ユフィとナナリーが顔を合わせたところを見たことはなかったけれどこんな風に言い合う少女たちであっただろうか?
それでも、改めて思えば彼は妹に優しかった。
そう考えるとユーフェミアにも優しかったのかもしれない。それは一般的に考えられる理想の兄といわれるもの以上の兄だったのかもしれない。
そうなると、この彼の人気ぶりにも納得のいくものがある、とスザクは目の前の二人を眺めながら考えていた。
けれどいつの間にか回されていた両腕を両側から引っ張られ、他人事のように考えていたスザクも思わず妥協策を提案せずに入られなくなった。
結局二人の座っていた椅子にスザクをナナリーとはさむようにしてユーフェミアが座り、本を読むことになった。
二人はスザクに寄りかかるように眠ってしまっていたのに気がつき、二人を起こさないようにして、再び本を閉じた。
暗くなった外はもう遠くのほうは見えず、代わりに室内を反射して写す。
窓ガラスに映る自分の姿はやっぱりルルーシュだった。
スザクの知る人物たちもスザクを見てルルーシュと呼ぶことからやっぱり自分は今ルルーシュになっているんだと改めて思った。
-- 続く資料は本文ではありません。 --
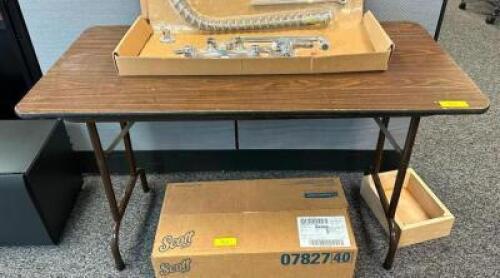 DESCRIPTION: 4' COMPOSITE FOLDING TABLE INFORMATION: CONTENTS NOT INCLUDED SIZE: 48"X24"X29" LOCATION: MAIN OFFICE QTY: 1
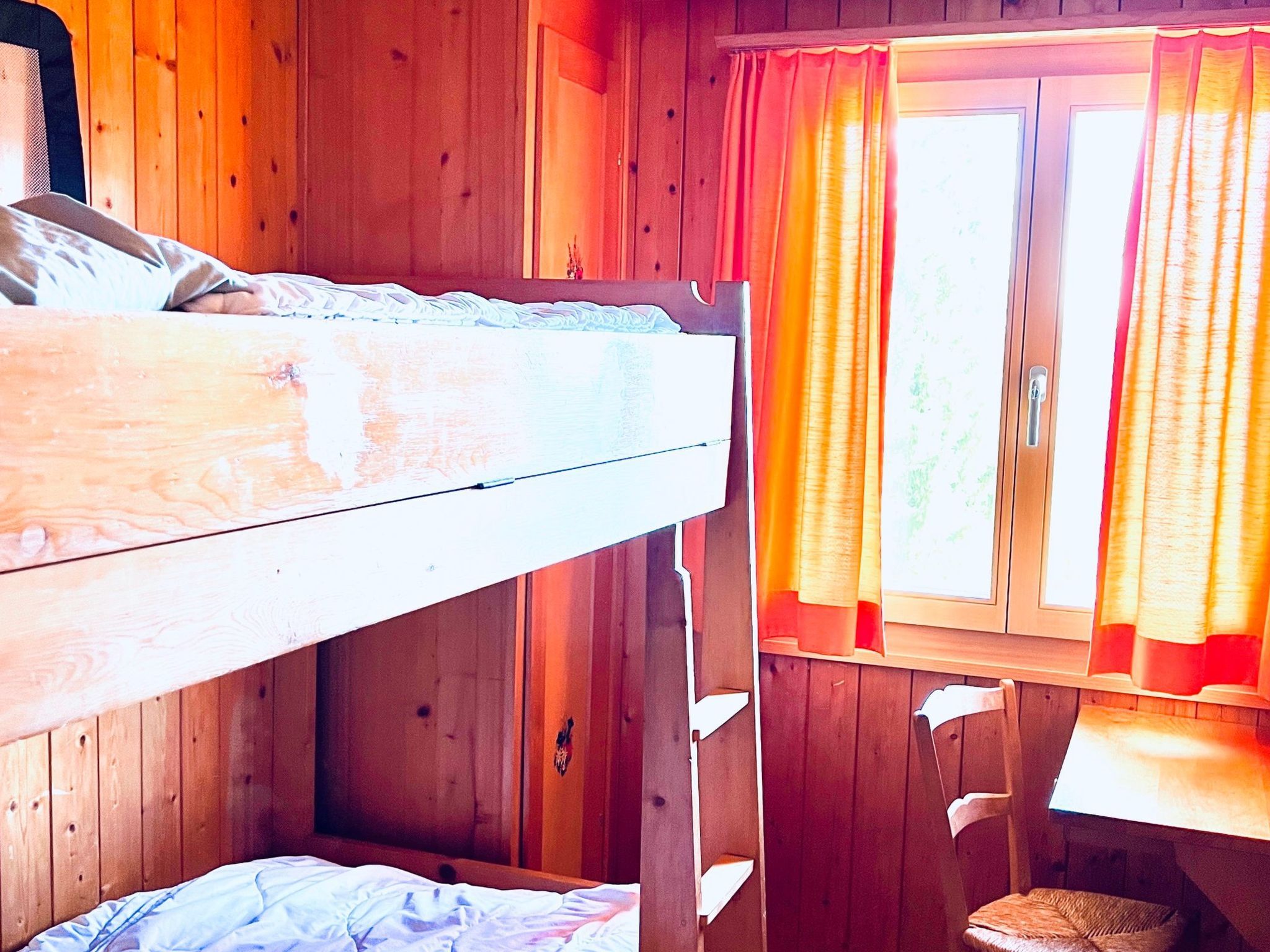 Ein Stockbett in einem Holzraum mit Fenster und Vorhängen.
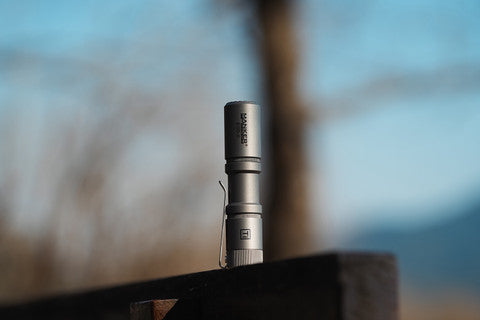 E05 II 1300 Lumens Titanium / Stonewashed Flashlight, with 14500 Battery (Compatible with AA), For Camping, Hiking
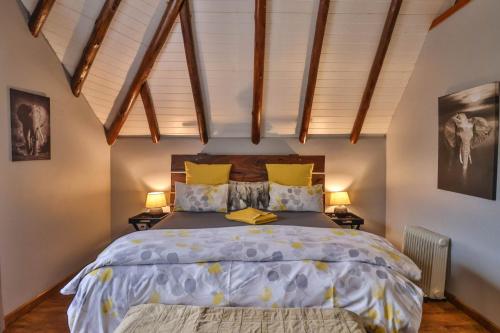 a bedroom with a large bed and two lamps at CASTLE COTTAGE Self catering fully equipped homely 120sqm double story king bed cottage in a lush green neighborhood in Hillcrest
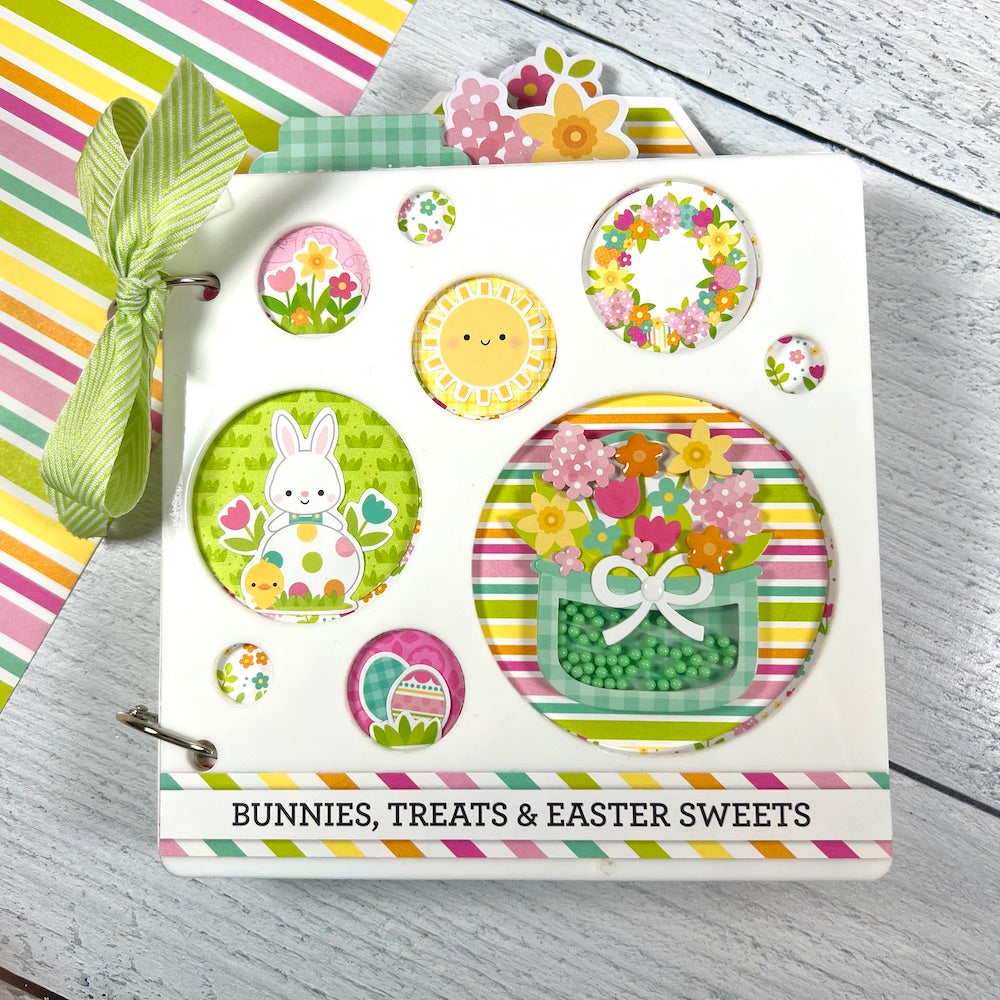 Easter and Spring Scrapbook Mini Album with circle cut-outs, bunnies, flowers, and Easter eggs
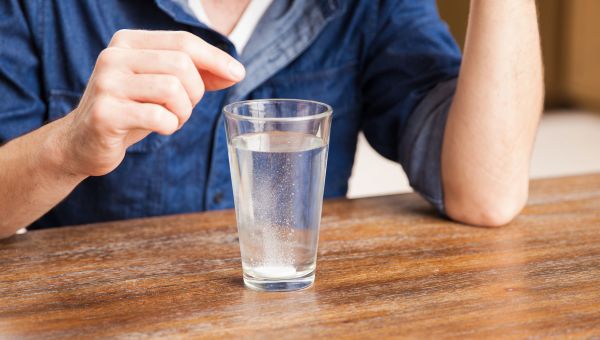 Tablet dissolving in a glass of water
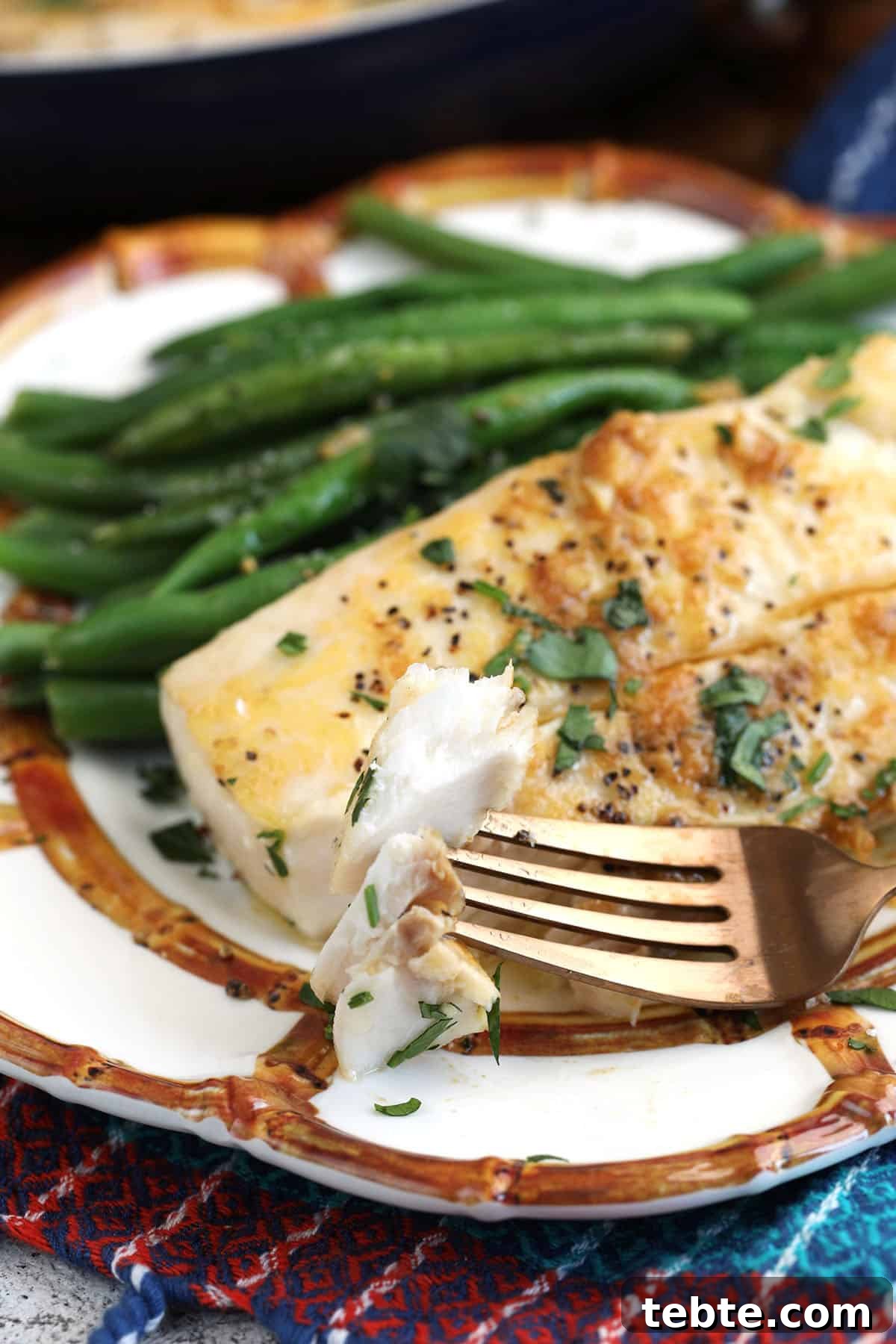 Miso Garlic Butter Mahi Mahi Recipe with Lemon and Herbs 2 Fork cutting into mahi mahi on plate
この白い宮殿の中は穏やかだった。時の流れがゆっくりで、一時間が長く感じるほどに穏やか。
溢れるのは暖かい笑顔で、辺りに満ちる光や流れる風も自分たちを優しく包み込む。
こんな世界で、優しく微笑み穏やかに紅茶を楽しむ。
怒りなんて知らずに、憎しみなんて知らずに、争うなんて知らない世界。
そこに住んでいるのがルルーシュで、それこそが、自分の知るルルーシュだ。
そんな世界とは無縁な人で守られるのが当たり前の人。
だってルルーシュは俺が守ってやらなければならないほどに弱いんだ。
だからゼロがルルーシュであるわけがないんだ。
あんな男であるわけがない。ルルーシュは違うんだ。
そこで『復讐だ』と叫んだ少女の声がスザクの頭の中に響く。
どうしてあんな男の復讐とルルーシュの小さい頃が関係するんだ。
でも、あの女のことだ、何があるのかわからない。だから用心するに越したことはない。
ゼロとルルーシュを結び付けようとする少女にスザクは思わず嫌悪感を抱く。
スザクはそこまで考えたとき窓に映ったルルーシュの目つきがきつくなっているのに気がつき、頭を振って改めて窓に視線を向けた。
そうだ、ルルーシュはあんな目つきをしない。
窓ガラスに映るルルーシュが優しげな光を取り戻したのを確認してから、両脇に眠る二人の少女に微笑みかけた。
寧ろ今回のこと、自分に対する神様の与えた褒美なのだと、そう考えることでスザクはひとまず安心し、穏やかな世界で目を閉じた。